Eugene D. O'Sullivan, Arthur J. Whalen, Eugene D. O'Sullivan, Jr., Jno. A. McKenzie, Omaha, for appellee.

Heard before SIMMONS, C. J., and MESSMORE, YEAGER, CHAPPELL, WENKE, and BOSLAUGH, JJ.

MESSMORE, Justice.

The plaintiff, Michael Harsche, brought this action at law against Anna Czyz Mishak, defendant, in the district court for Douglas County, charging the defendant with perpetrating a fraud upon him by promising to marry him when in fact she had no intention of doing so, and that the plaintiff, believing the defendant's promises to be true and not false, relied on them to be true and entrusted to the defendant certain money for safekeeping, and in addition spent money on her for wearing apparel and entertainment. He seeks to recover damages. The case was tried to a jury resulting in a verdict for the plaintiff in the amount of $7,500. The defendant filed a motion for a new trial and an amended motion for a new trial which were overruled. From this order, the defendant appeals to this court.

For convenience we will refer to the parties as they were designated in the district court.

The plaintiff was born in Poland, and came to the United States when he was a little over 17 years of age. At the time of trial he was 57 years of age, and engaged in the occupation of a blacksmith, employed by the Union Pacific Railroad Company in Omaha, which employment he obtained after arriving from Jamaica, New *268 York, after Labor Day in 1946. He was married to his first wife in New York, on June 30, 1918. She died on March 22, 1941. His family consists of three sons and a daughter. In 1937, he was employed in a ship yard in Jersey City, as a blacksmith. This employment continued until he quit and came to Nebraska.

The defendant was from the same town in Poland as the plaintiff's first wife. She met the plaintiff and his wife in New York in 1919, and visited them on occasions. Shortly after the death of the plaintiff's wife in 1941, while visiting with his cousin in Jamaica, New York, the plaintiff again met the defendant.

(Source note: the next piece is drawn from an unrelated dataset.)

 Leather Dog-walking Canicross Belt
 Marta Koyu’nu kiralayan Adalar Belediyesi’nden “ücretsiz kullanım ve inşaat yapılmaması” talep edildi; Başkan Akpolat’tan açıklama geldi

He and his cousin called at her home. During this visit the defendant told the plaintiff that she was sorry for him, that he had a good wife, and for him not to cry, he was still young and could find another woman to marry him as he had a good trade with good wages. She also told the plaintiff that there was a play at the Polish Home that evening, and induced him to meet her there. At this function there was music and dancing. He took no part in the festivities. She asked him to take her home, which he did not do. Thereafter, either on April or May 27, 1941, he received a letter from the defendant, apparently in response to one he had written, to the effect that she would meet him under the clock at the railroad station in order to save him a trip. He did meet her as suggested in the letter. There were several letters written by the defendant in evidence that pertain to the parties meeting each other, and disclosing some affection and endearing terms.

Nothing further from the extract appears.